A few small routines to scrape the data from Elsevier's Scopus API

Primary LanguagePythonMIT LicenseMIT

ScopusScrapus - A small utility for the Scopus Search API

Elsevier is kind enough to make its database of scientific papers accessible through a web API. This small Python module allows you to access it programatically with Python.

Documentation for the Scopus Search API is available here: http://api.elsevier.com/documentation/SCOPUSSearchAPI.wadl Documentation on how to construct then search queries is here: http://api.elsevier.com/documentation/search/SCOPUSSearchTips.htm

Installation

The little ScopusScrapus package is available on PyPi, and it can be easily installed:

pip3 install ScopusScrapus

Usage

To use the Scopus Search API (and all other APIs provided by Elsevier) require an API key to use. To get one you should visit their Devlopers site here: http://dev.elsevier.com/index.html.

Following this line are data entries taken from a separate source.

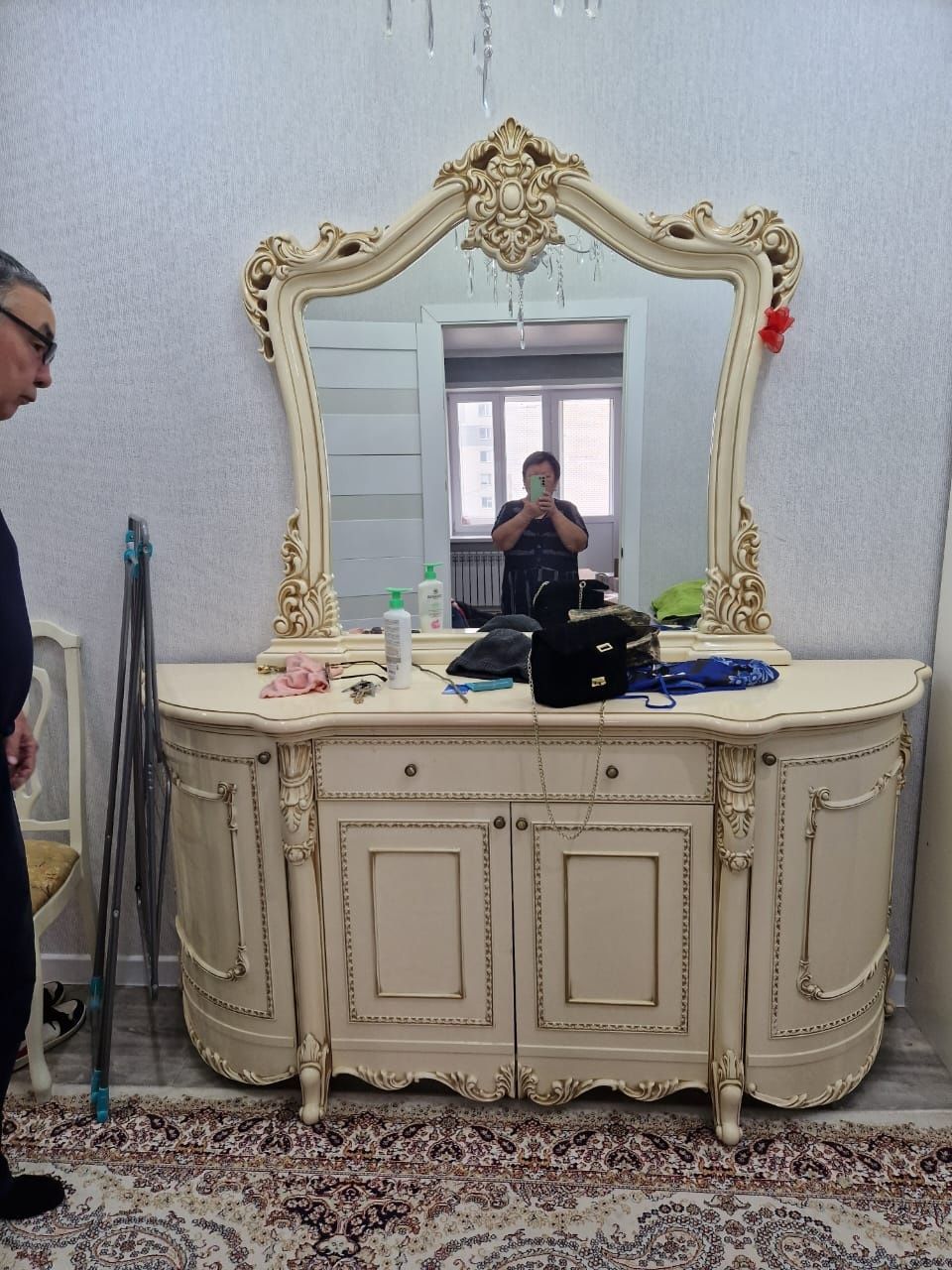 Продам комод с зеркалом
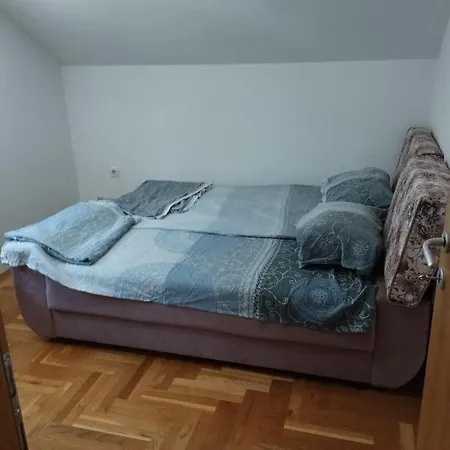 Sljivo Lejlighed Konjic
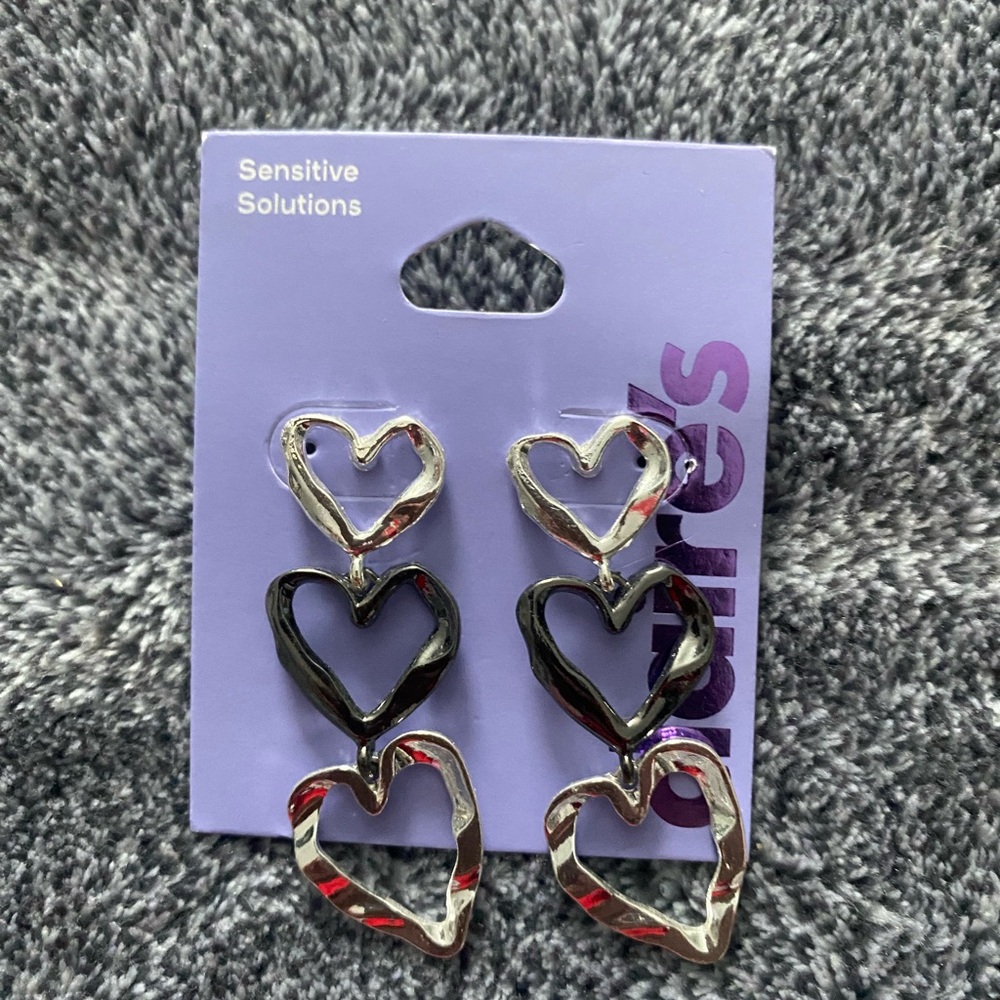 Claire's Silver and Black Heart Earrings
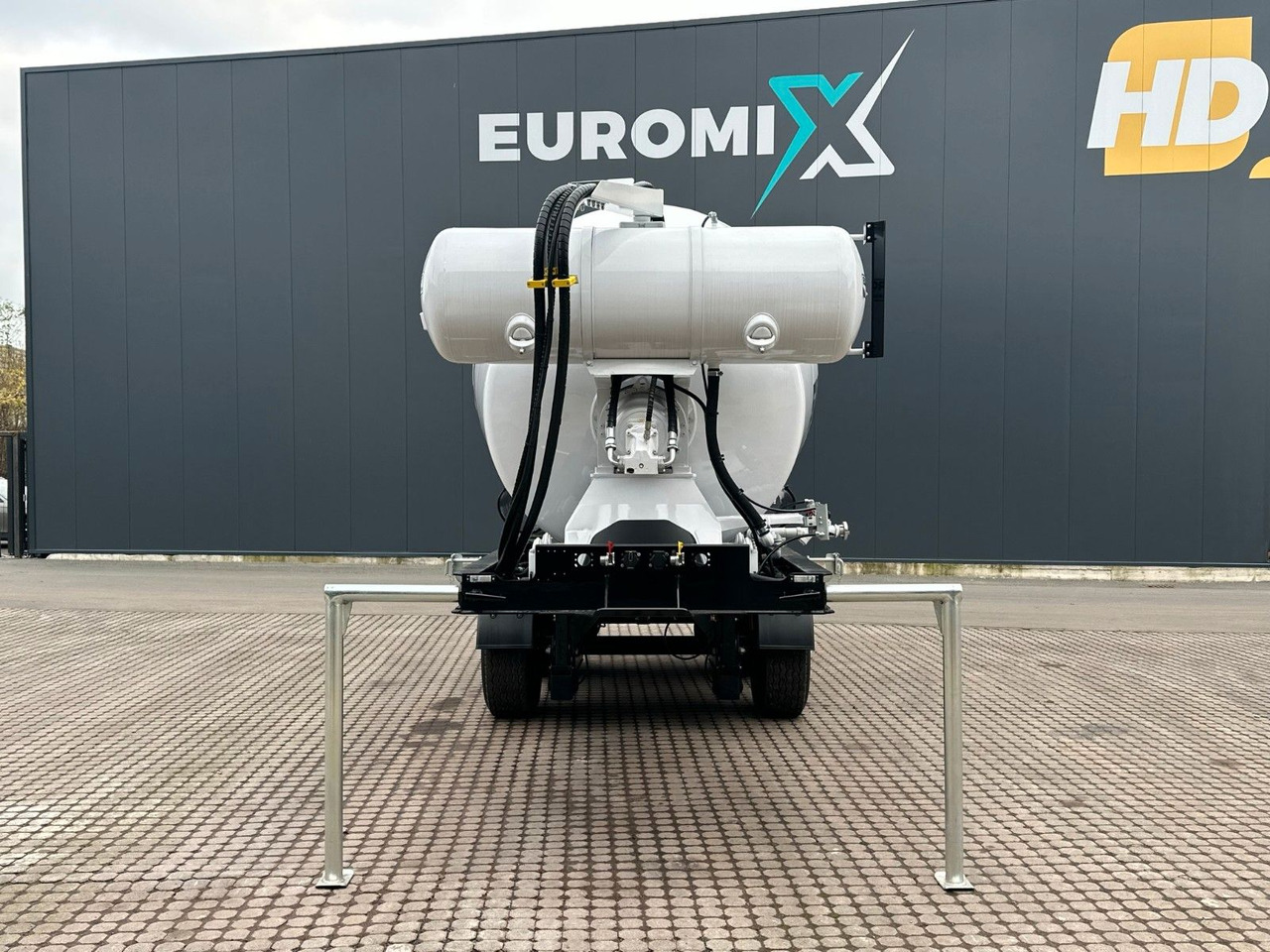 EUROMIX MTP - 10m³ Betonmischer-Auflieger - Fahrmischer: das Bild 3 EUROMIX MTP - 10m³ Betonmischer-Auflieger - Fahrmischer: das Bild 3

To run a scopus search query looking for papers mentioning 'arctic' in their title, abstract or keywords and that were published between 2008 and 2009, you do the following:

from ScopusScrapus import ScopusSearchQuery

params = {'query':'TITLE-ABS-KEY(arctic)', 'date':'2008-2009'}
ssq = ScopusSearchQuery(key,params)
# Key is your API key, and params is a dictionary
# containing your query and other fields.
# optionally, a timeout parameter can be passed to the constructor. It should contain a number of seconds after which the query will be aborted if no response has been received from the scopus api. In this case, an exception requests.exceptions.ReadTimeout will be raised
# The default parameters are:

defaultParams = {'count':100,
    'view':'COMPLETE'}

# The complete view can only be seen by entities
# subscribing to scopus so make sure to override it
# in your params dictionary if you are not.

Once the ScopusSearchQuery object has been created you can iterate through it as a normal iterator:

for paper in ssq:
    print(str(paper))

Each result has the normal Scopus Search API format.